Avedon Fashion 1944-2000 at the MFA
All Models, No Portraits, 5 Decades!
By: Shawn Hill - Aug 12, 2010
Avedon Fashion 1944-2000
August 10, 2010—January 17, 2011
Museum of Fine Arts, Boston
Years ago, near the beginning of Malcolm Rogers' tenure as director of the Museum of Fine Arts, I reviewed a huge Herb Ritts retrospective and wasn't very impressed. It seemed to be about celebrity and popularity more than about art, and felt like a suspect move considering the MFA we knew up to that point.
Then I noticed that the public arguments about the "controversial" show didn't center on artistic merit or the spectre of a commercial photographer (an oxymoron if there ever was one, or at least a redundancy), but were mostly about the "shocking" display of so much nudity in such a venerable Boston institution. I should have thrown up my hands right then.
Now, of course, the MFA is well on its way to embracing popular taste (and providing an historical context when it can) and there is an Herb Ritts Gallery in the Museum itself (a fitting and generous memorial, it's currently housing the very worthy work of documentary photographer Nicholas Nixon), and a show about Richard Avedon comes not as a shock, but as a near necessity. It's not just the courting of the Boston fashion world that the MFA is planning as "Fashion Fall" with events, speakers and other artists that makes an Avedon show special. It's the serious value of the work itself, a testament not just to the whims of fashion, but to something much more important: style, and its truth-telling evolution through the troubled history of the 20th century.
The curators make a strong case for the significance of near neophyte photographer Richard Avedon in Paris in the 1940s and '50s, lauding him for using unusual, striking models (some even Asian or black, most American) to create a Parisian scene of opulence and grandeur in the face of the reality of the time: depression, Occupation, and the lingering scars of a second World War.
Avedon's images of Suzy Parker (a redhead with freckles she doesn't let show until the 1960s), Sunny Harnett, Dovima, and (mostly as another prop for the ladies) male models like Robin Tattersall don't just record a Parisian center of pomp and circumstance. They're creating it, before our eyes, and the City of Lights seems grateful for these exotic new stars.
The show is chronological, and moves on to the more casual, experimental and frankly strange looks of Mod London and in the 1960s with transparent ease. Avedon is clearly inspired by the fashions of Carnaby Street, by intriguing divas like Veruschka (who starred in the seminal fashion photography film Blow-Up), waifs like Penelope Tree and Twiggy, and non-white beauties like Donyale Luna and China Macado.
In fact, the show moves further, as Avedon's career extended into the 1990s, with images of Lauren Hutton smoking a joint; a fashion spread in the New Yorker melding Surrealism to the idea of the Vanitas; in general coping with the collision of the Sexual Revolution and the Me Decade. But they almost needn't have bothered, as there isn't a more modern image in the entire show than Avedon's 1959 portrait of Brigitte Bardot.
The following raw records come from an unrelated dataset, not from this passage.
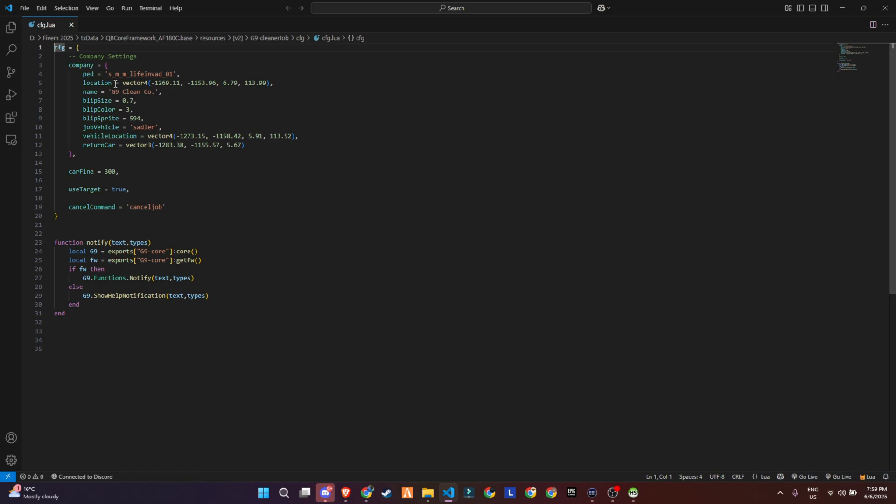Alright guys, once you're inside the script folder, head over to the config.lua file. This is your main configuration hub for the G9 cleaner job. At the top, you'll find the company settings. This is where you define your in-game job details. The ped model that represents your boss or job giver, the job location which sets the spot where players will accept the cleaner job. You can name your company anything you like. Here it's called G9 Clean Company.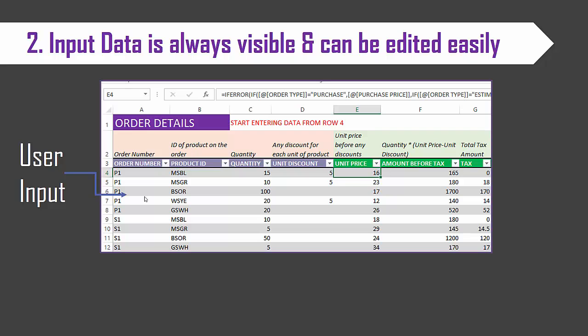And this approach helps to make data entry and editing very easy and quick. At the same time it puts the responsibility on the user to make sure that you do not edit any data unintentionally or by mistake.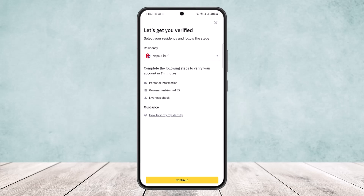If there was an error while uploading, what you want to do is re-upload it and try again. The third thing to keep in mind is you want to check that your residential details match your documents and verify the correct residential address.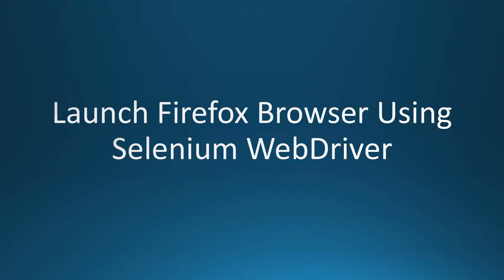Hi everyone. In this video, we are going to discuss how to launch Firefox browser using Selenium WebDriver.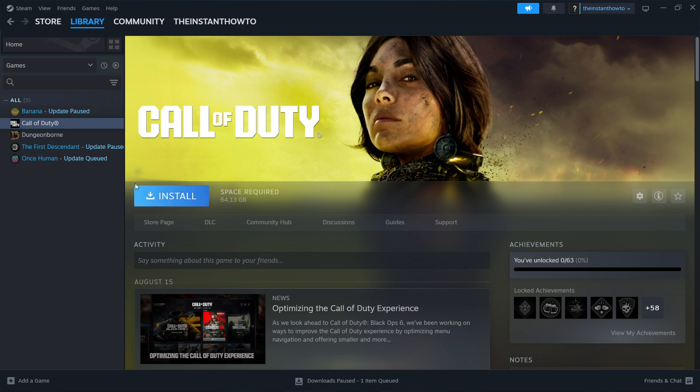Now once that's done, you'll be able to see this button turn into a big green Play button. And once that happens, you can just click on it, the game will launch up, and you can start playing.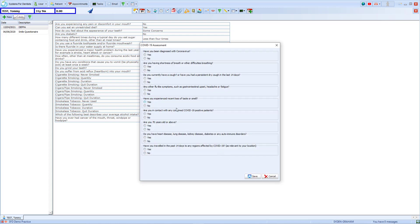We then go through and select yes or no on each of the questions for this assessment. For this example I will select yes for flu-like symptoms as well as selecting yes for do you have heart disease, lung disease or kidney disease.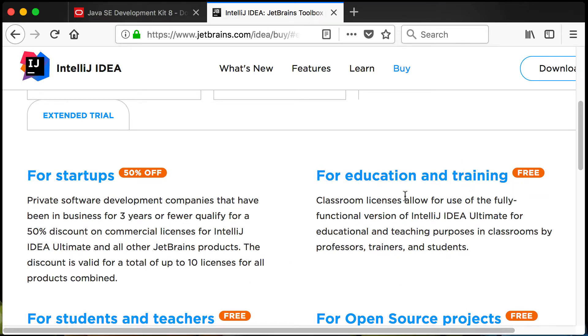Go and install your JDK and go and install IntelliJ IDEA and then I'll see you for the next video.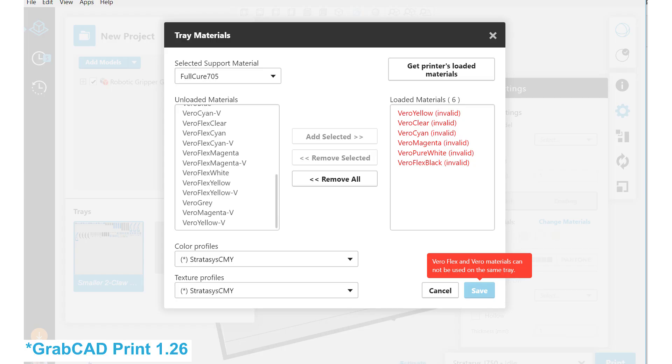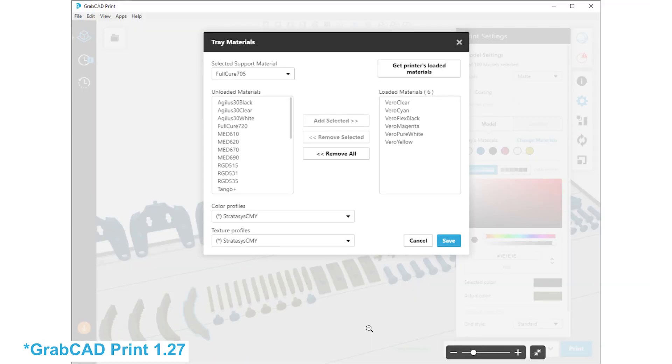Previously, if the printer was loaded with this unsupported combination of materials, the printer would show an error state and printing was disabled, even if the job itself didn't use the unsupported combination. Now users will be able to print their jobs regardless of which materials are currently loaded in the printer, as long as the unsupported combinations are not used in the job.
The French siren stares back at us, a Dietrich-like face of nearly skeletal shadows. She has caverns for eyes, carved cheeks, and full pouting lips in near-perfect symmetry. Cascades of blonde hair frame her face, falling to where her shoulders would be, curling luxuriously and blown fully into a leonine mane of sensuality. The contrast is so blown out that we can't see the texture of her skin, not much more really than that maze of hair and the Nefertiti-esque proportions of her facial features. Fifty years ago or yesterday, such a photo would look just the same. And that's what defines style: completely contemporary timelessness.
There are many other great works, including the signature image of "Dovima among the Elephants" from 1955 which captures some perfect tension between refined elegance and wild animal exuberance. The curators have augmented the show with looks behind the scenes at actual working prints from some of his earliest magazine assignments, and a theatrical room of darkened walls and spotlit images meant to evoke how Avedon revived glamour in a shell-shocked world.
But you really need none of this trickery, and it's not in perfect congruence with the minimal, dynamic lines and geometric shapes that define Avedon's best work in fashion. One of his innovations was to capture movement in dresses that had often been presented so statically. His 1960s muses dance across the walls like a troupe of ballerinas, making unlikely materials like tweed and wool knits sexy and fluid and expressive.
What the show leaves out are Avedon's impressive portraits, and most of the more editorial work that occupied his output in his mature years. That work has its own shows and catalogs. With this show we're in the black and white world of high drama and high fashion, and, as with all of the best in taste, nothing more is needed.